You should be able to do this assignment using only the Arm Instruction Set Quick Reference Card and the following information timing extracted from the SA-1100 Developer's Manual. The "Delay Result" column indicates for how many clock cycles the next instruction must wait if it is dependent on the results of the listed instruction. The "Issue cycles" column is the number of clock cycle it takes for the processor to issue the instruction before the next instruction can be issued into the pipeline. According to the table, any instruction following a data processing instruction can issue one cycle after the data processing instruction has been issued. However, due to pipelining, a data-processing instruction that depends on the results of a load-single instruction must wait an extra cycle before getting started, as if the load instruction really takes two cycles ..

Here is the question: What clock rate would be required for an ARM based SW solution for the bright-spot cross-hairs to match the performance of our FPGA solution running on a 24MHz clock.

  1. Show the ARM assembly code for my simplified version of my bright-spot solution below. It should be written as a subroutine that returns an output pixel value given an input pixel value, the current X,Y location, the "blank" input, and the "vsynch" input.  You may use any instructions you want from the instruction set. See how much you can optimize this. If anyone in the class can beat the best solution between Theodora, Deepak and I, then we will have have Pizza in your name at the following meeting (this is easy!). You must implement my version of the bright-spot algorithm to qualify for the contest. Incidentally, there is something a little bit wrong with my implementation though it would most likely not be noticeable. Can you identify the bug?
  2. Assumptions: The call stack contains the inputs in the following order: pixel, hcnt, vcnt, blank, vsynch The return stack contains only the single output data value. Any static values needed by your subroutine should be stored in memory. You can make up labels for those locations.
  3. How many clock cycles are needed for execution of your subroutine?
  4. What clock rate is needed to compete with the FPGA solution (one data output for each 24MHz clock cycle).
  5. Lite Option: If you are really pressed for time, you can write a psuedo-assembly code version of this routine and give me a 1/cycle per instruction estimate for the answer above. 

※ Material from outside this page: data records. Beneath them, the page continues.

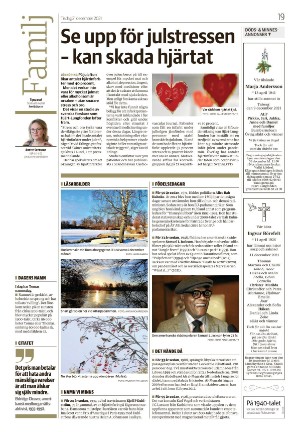 jonkopingsposten-20211221_000_00_00_019.pdf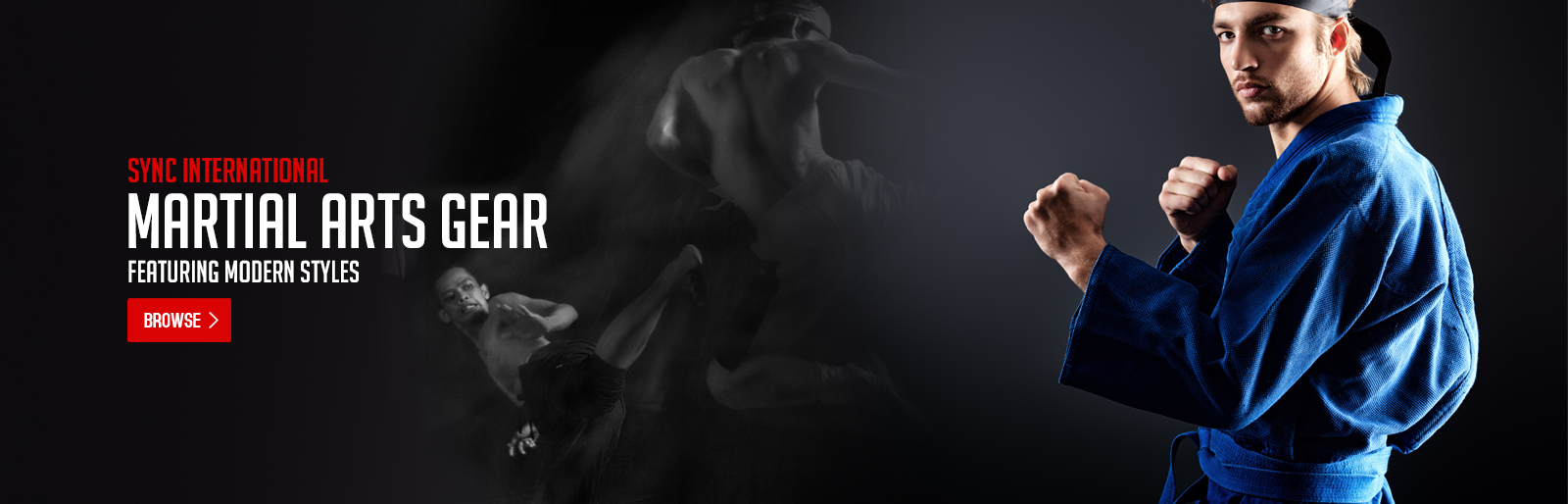 Main Banner
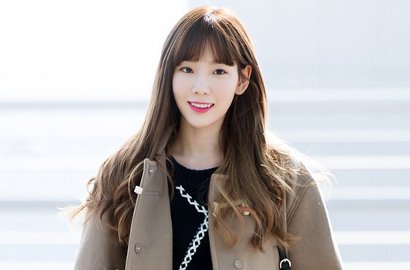 Pamer Liburan ke Spanyol, Tae Yeon Malah Tuai Kontroversi Gara-Gara Ini
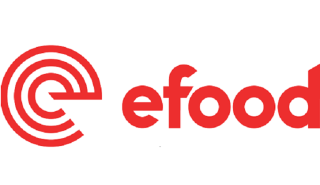Καύσωνας: Το efood λαμβάνει έκτακτα μέτρα για την ασφάλεια των διανομέων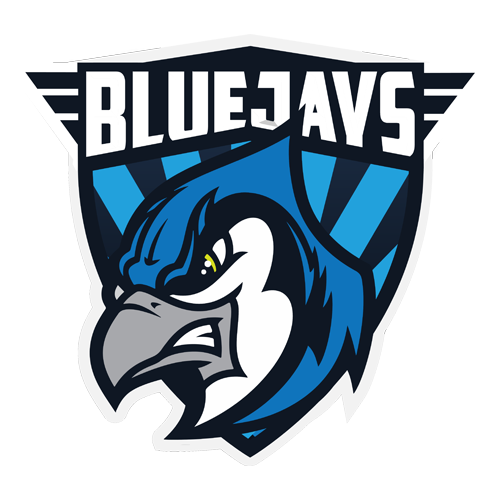 BLUEJAYS tweet media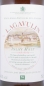 Preview: Lagavulin 12 Years Specially Selected White Horse Distillers LTD. 1980s Islay Single Malt Scotch Whisky 43.0%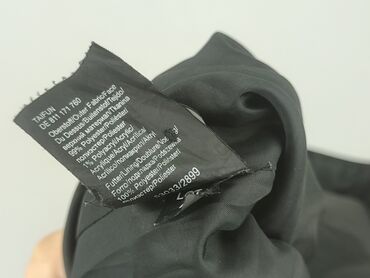 Marynarki: Taifun, Marynarka damska, L — 9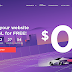 Cheap Web Hosting Email Limit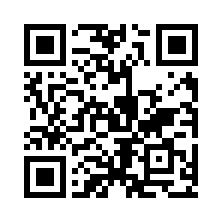 QR Code for 17CooEhNPZYnPBaWGpJ52eCpf3avQrNEXK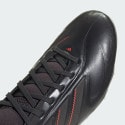 adidas Copa Pure 3 Pro Firm Ground Boots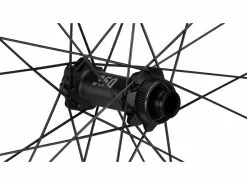 Dt-swiss Juego De Ruedas EX 1700 SPLINE 30 Boost Disc Center Lock 29" -Ruedas 28" Tienda de ventas 345573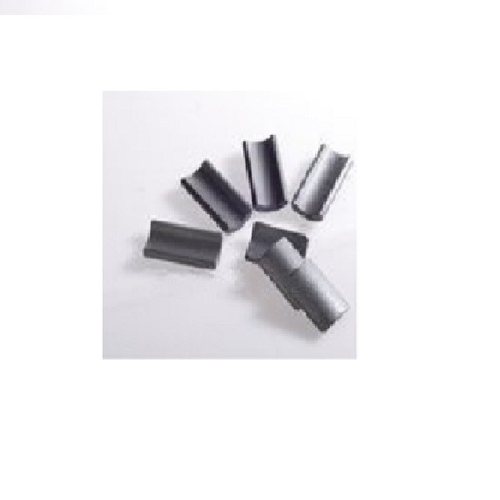 Latest company case about Permanent Ferrite Magnet For Fan Motor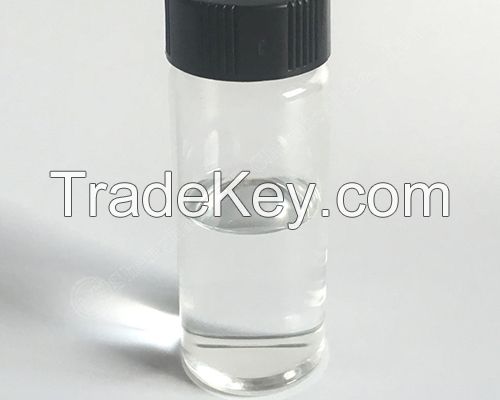 Alpha-amylcinnamaldehyde Cas:122-40-7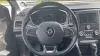 Renault Megane Intens Energy TCe 97kW (130CV)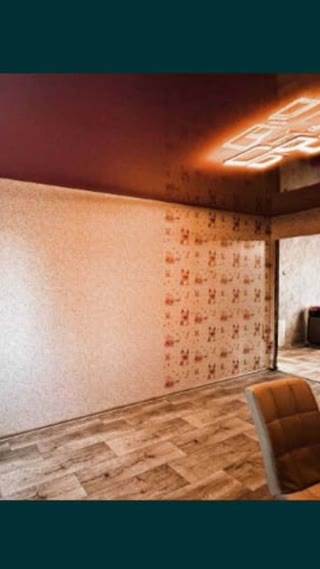 Продам 2х кімнатну квартиру Салтовка, 602 мкр-н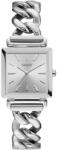 GUESS W1029L1 Ceas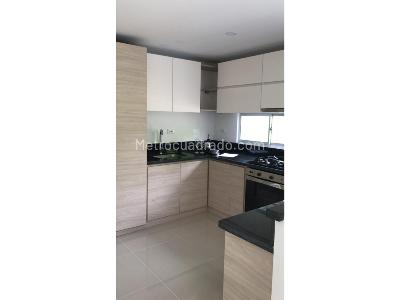 Casa en venta en San Marcel, Manizales · foto 4 de 8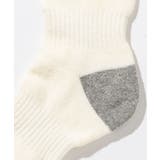 phenix フェニックス Phenix | SHIFFON  | 詳細画像13 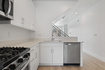Photo 2 for 11235 S Freestone Rd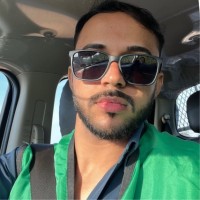 Mateus Emburana Email
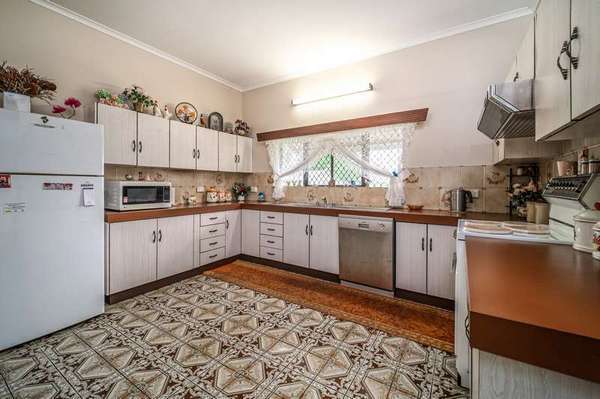 131 Munro Street, Babinda - Thumbnail 7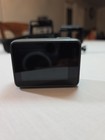 Gopro Hero 7 Silver Waterproof Hd Action Camera Built-in Wi-fi Microsd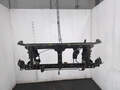 Телевизор Nissan Pathfinder 2004-2014 - 21292499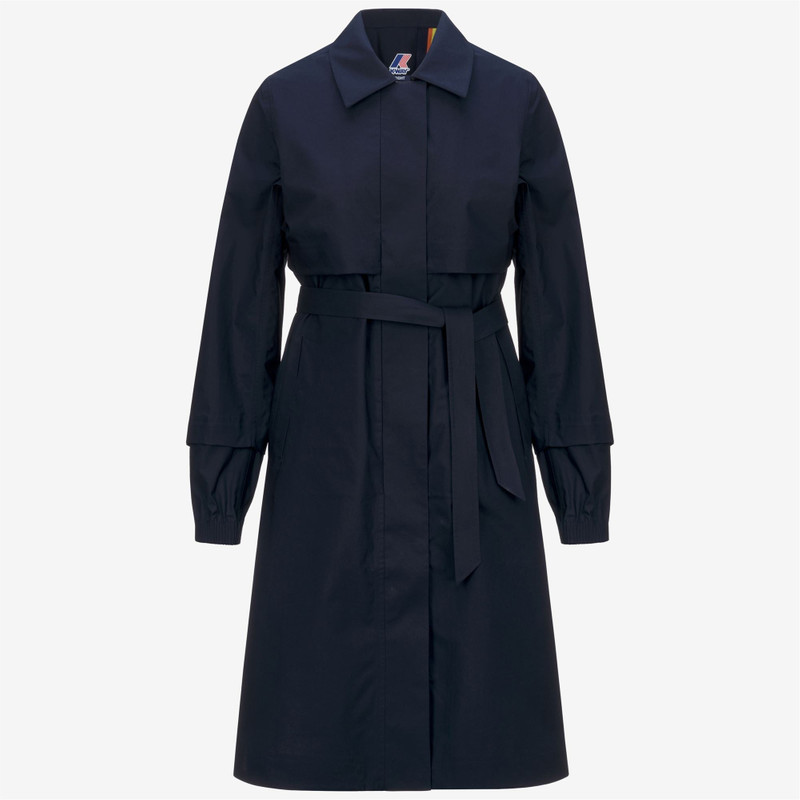 JESY 3L POPLIN 1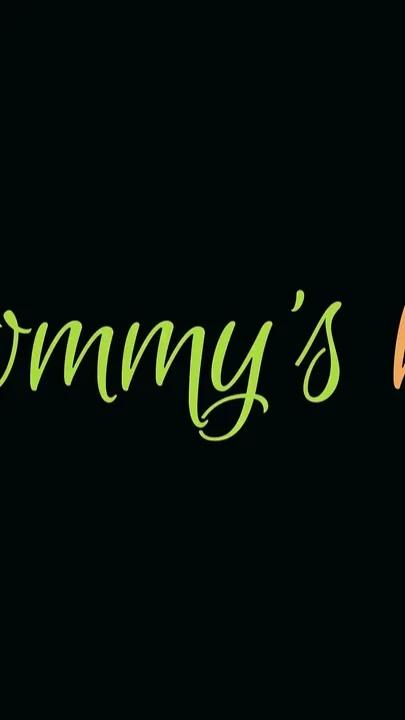 Stepmommy's Boy - Chloe Cherry's Intervention for Stepbrother with Their Stepmom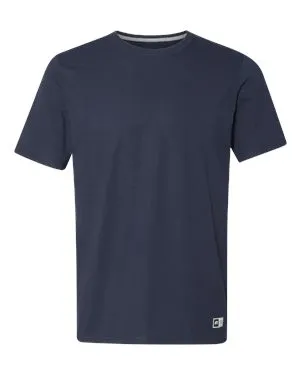 64STTM Russell Athletic Unisex Essential Performance T-Shirt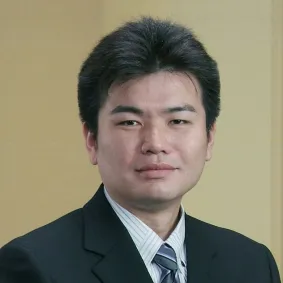 未来を創る産業イノベーション〜シュナイダーエレクトリックのイノベーションマネジメント〜（ 2025 年 10 月 21 日（火）13:00 ～）【無料セミナー】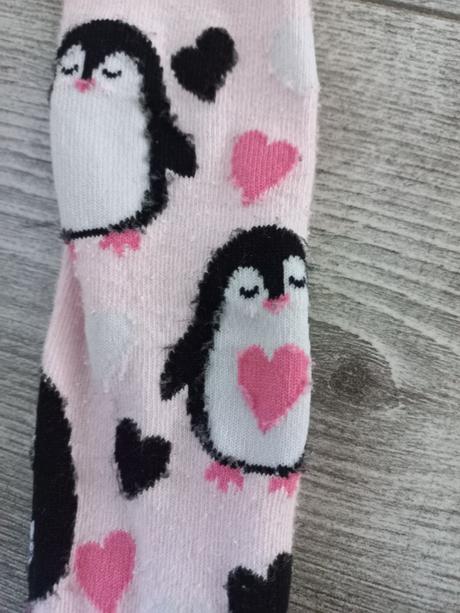 Pančuchy dedoles 86/92, 86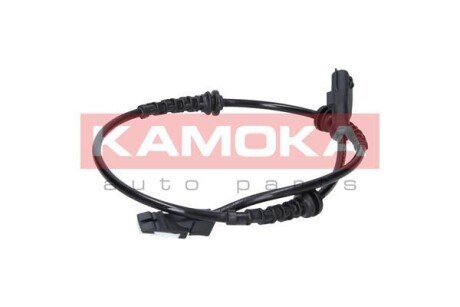 Датчик АВS kamoka 1060125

/************** My Version of Bright-Spot ****************************/

module bright (HCNT, VCNT, PIXEL, FILTERED, BLANK, CLOCK, VSYNCH ;
input         BLANK, CLOCK, VSYNCH;
input   [7:0] PIXEL ;
input   [7:0] HCNT, VCNT;
output  [7:0] FILTERED;

reg [7:0] ACC, MAX, V, PV, H, PH;
reg [7:0] p1, p2, p3;
reg synch;

assign FILTERED = BLANK ? 0 : (((PV==VCNT)||(PH==HCNT)) ? 255: PIXEL);

always @(posedge CLOCK) synch <= VSYNCH;

always @(posedge CLOCK) begin;
      ACC <= (PIXEL>>2)+(p1>>2)+(p2>>2)+(p3>>2);
      p1  <= PIXEL;
      p2  <= p1;
      p3  <= p2;
end

always @(posedge CLOCK) begin
      if (VSYNCH && !synch) begin // synch pulse is passed (just do this once/frame)
            MAX <= 0;
            PV <= V;
            PH <= H;
      end else if ((ACC > MAX) && !BLANK) begin
            MAX <= ACC;
            V <= VCNT;
            H <= HCNT;
      end
end

endmodule       

 

More Background Stuff

Your might want to familiarize yourself with the following documents, but don't worry about it too much. We will step you through the tools. For now, it is important to learn about the processor. We will get to the development board an tools in lecture.

Once you register with ARM at this link, you can download the Arm Instruction Set Quick Reference Card From ARM's website. You have to register to get access to this. If you don't want to register, let me know and I will e-mail you the document. You can get most of the instruction set information from the ARM SDT User's Guide as well.